People who use large lithium cells (generally LiFePO4) for home storage sometimes balance them manually, then forego any balancing at all in favor of monitoring the cells. If the cells get out of balance they rebalance them manually. Several people have had good luck with this approach.

So for 4S you are generally going to want to use balancing. There are plenty of good BMSes out there that will do this for you.
You are going to want an MPPT charge controller just because of its better control of output voltage and current. Make sure the input can deal with your voltage from the 3 panels in series. Then you are going to want to set the voltage to approx. 16.8V for a 4S lithium cobalt pack (or 14.6V for a 4S LiFePO4) and you are going to want to set the max output current to less than the maximum C rate of the pack. If the pack is 10ah and has a maximum charge rate of 1.5C then limit the maximum current to 15 amps.

As far as I can see the HQST MPPT controller is actually a Tracer MPPT controller made by EPSolar who are based in China. I have installed a more upmarket version of their MPPT controller in a friend's LFP offgrid system that has been working well for over three years.

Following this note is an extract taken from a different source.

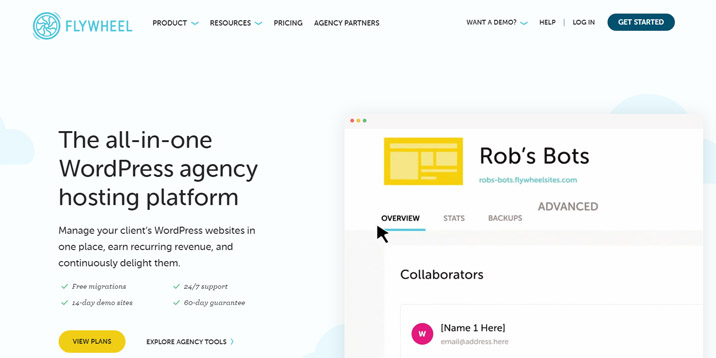 Маховик быстрый WordPress хостинг 1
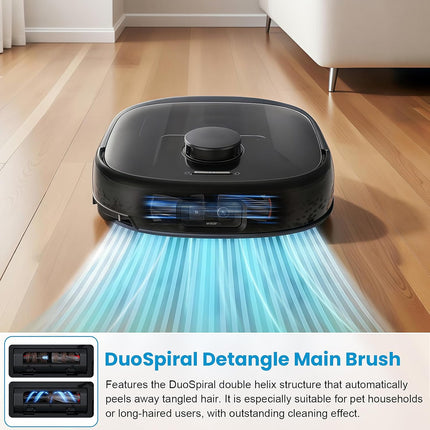 Accessories Kit Compatible with eufy E28 Omni / E25 Omni Robot Vacuum, Replacement Parts Include 1 Set (2) Main Brushes, 6 Dust Bags, 2 Roller Mops, 6 Side Brushes, 1 Cleaning Tool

Ideally for a 12 volt LFP battery for the longest lifespan you want to set the charge/bulk/boost voltage to 13.8 volts and the float voltage to 13.4 volts. At a pinch you can use the "Gel" settings. I think you can set user programmable values via an external programmer. Here is a link to the manual https://www.epsolarpv.com/en/index.p...wnloadF/id/678

As with your RC batteries which are most likely Lithium Cobalt (LCO) batteries you have to balance an LFP battery before you use it and have some way of checking that it remains in balance and that the individual cell voltages do not go outside the voltage range 3.65-2.50 volts.

One big advantage of LFP batteries over LCO batteries is that you will get maybe ten times the lifespan if you use them conservatively. The batteries in the Powerwall are another lithium-Ion variant, Lithium Manganese (LMO)

One question springs to mind, what exactly do you want to use this power supply for?

Simon

Off grid 24V system, 6x190W Solar Panels, 32x90ah Winston LiFeYPO4 batteries installed April 2013
BMS - Homemade Battery logger github.com/simat/BatteryMonitor
Latronics 4kW Inverter, homemade MPPT controller

Easy commodity item - I run a few myself. I prefer the ANKER brand of li-ion battery packs, since their 18650 cells are usually Panasonic or LG-Chem or similar high-quality cells. I use a generation back, the Anker "Astro" series, the E5 and E7 right now.

Charge via solar with a 21w folding panel. Also by Anker. There are others. 5v usb output regulator built-in to the panel. Direct attachment to the battery packs.

Why hack together what today is a common commodity item shipped to your door overnight if you want. Easy peasy.

No large panels - no mppt controller, nothing like that. Brainless operation for the most part.

I run a small 40ah LiFeP04 nominal 12v 4S battery bank quite successfully from a simple 100 watt panel. GBS cells. Similar cells would be CALB. Different chemistry than what is in the Anker packs, which is important because if you don't differentiate the chemistries and their voltages, you'll definitely burn stuff up.

Do some more reading found right here to get the background you need, rather than having us write up a laundry-list of componentry. This way you'll know what you are doing, and be safe not only to yourself, but also to others. Close wallet. Start reading.

Actually, open wallet and pick up an Anker Astro battery pack, and a folding panel to satisfy your li-ion appetite. Close again and start reading before thinking about going big with lithium.